= Sarah M. Dawson Merrill =

Sarah M. Dawson Merrill (1843–1899) was an American educator. Identified with various educational and other public institutions, her services to education and especially to the education of the blind were important. Merrill was the founder and first principal of the Willard Hall School for Girls.

==Early life and education==
Sarah M. Dawson was born in South Hero, Vermont, in 1843.

She was educated in the schools of Hinesburg, Vermont and Brandon, Vermont, and later was graduated from Mrs. Lay's seminary in Montreal.

==Career==
She was teaching in Boston at the age of 17 years. She taught next at Lyons Female College, Clinton, Iowa before returning to Boston as first assistant in the Burroughs Street Boys' Grammar School, leaving that to go to the Perkins School for the Blind at South Boston. She was also at the Royal Normal Academy and College for the Blind in London, England, for more than two years, and from that institution, she went to Glasgow, Scotland, to reorganize the work for the blind in that city. Following these experiences, she was for seven years, in charge of the scientific department in Bradford academy.

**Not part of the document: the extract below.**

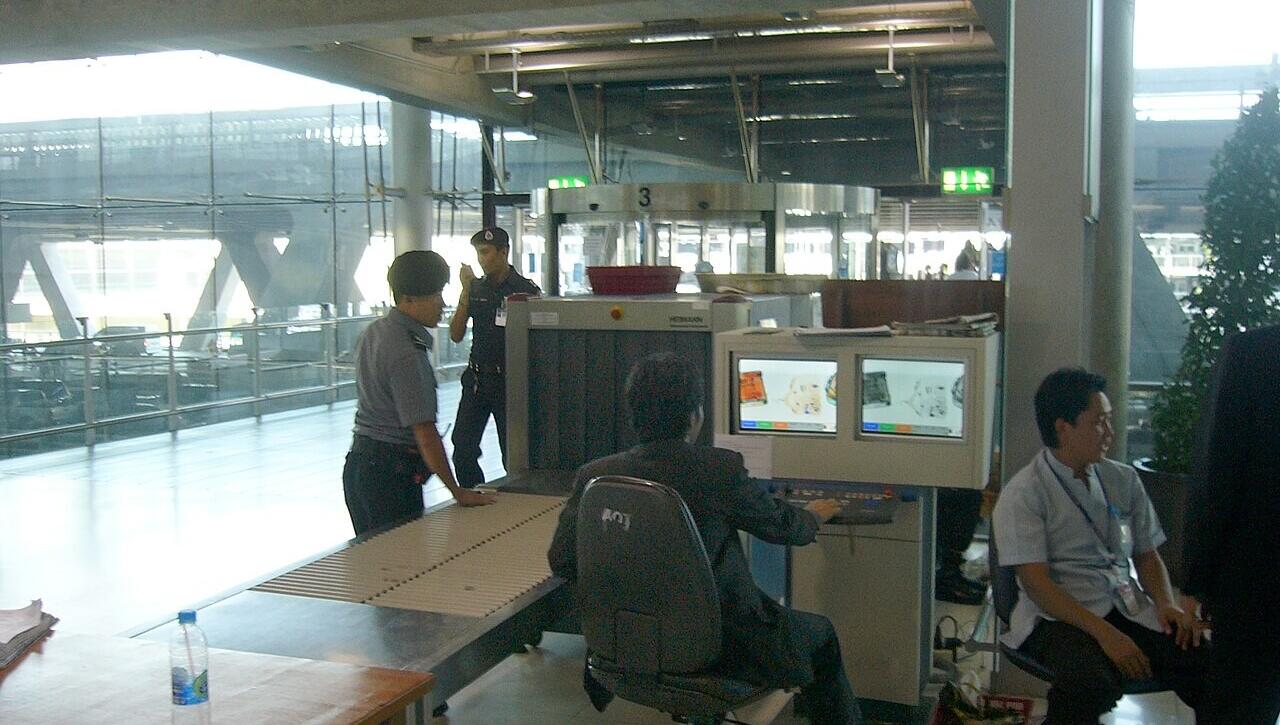 11 Things Never to Say at Airport Security - Yet Travelers Keep Saying Them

In 1883, she married Mr. Henry M. Merrill, of Danvers, Massachusetts, and from that date, she lived in Danvers. From 1887, she opened in a home that Mr. Merrill had built on Elm street a boarding and day school for young ladies, under the name of the Willard Home School. In 1893, after being widowed, Merrill removed the school to larger buildings, which she remodelled, enlarged, and renamed Willard Hall.

==Death==
Sarah M. Dawson Merrill died in Danvers, Massachusetts on August 17, 1899.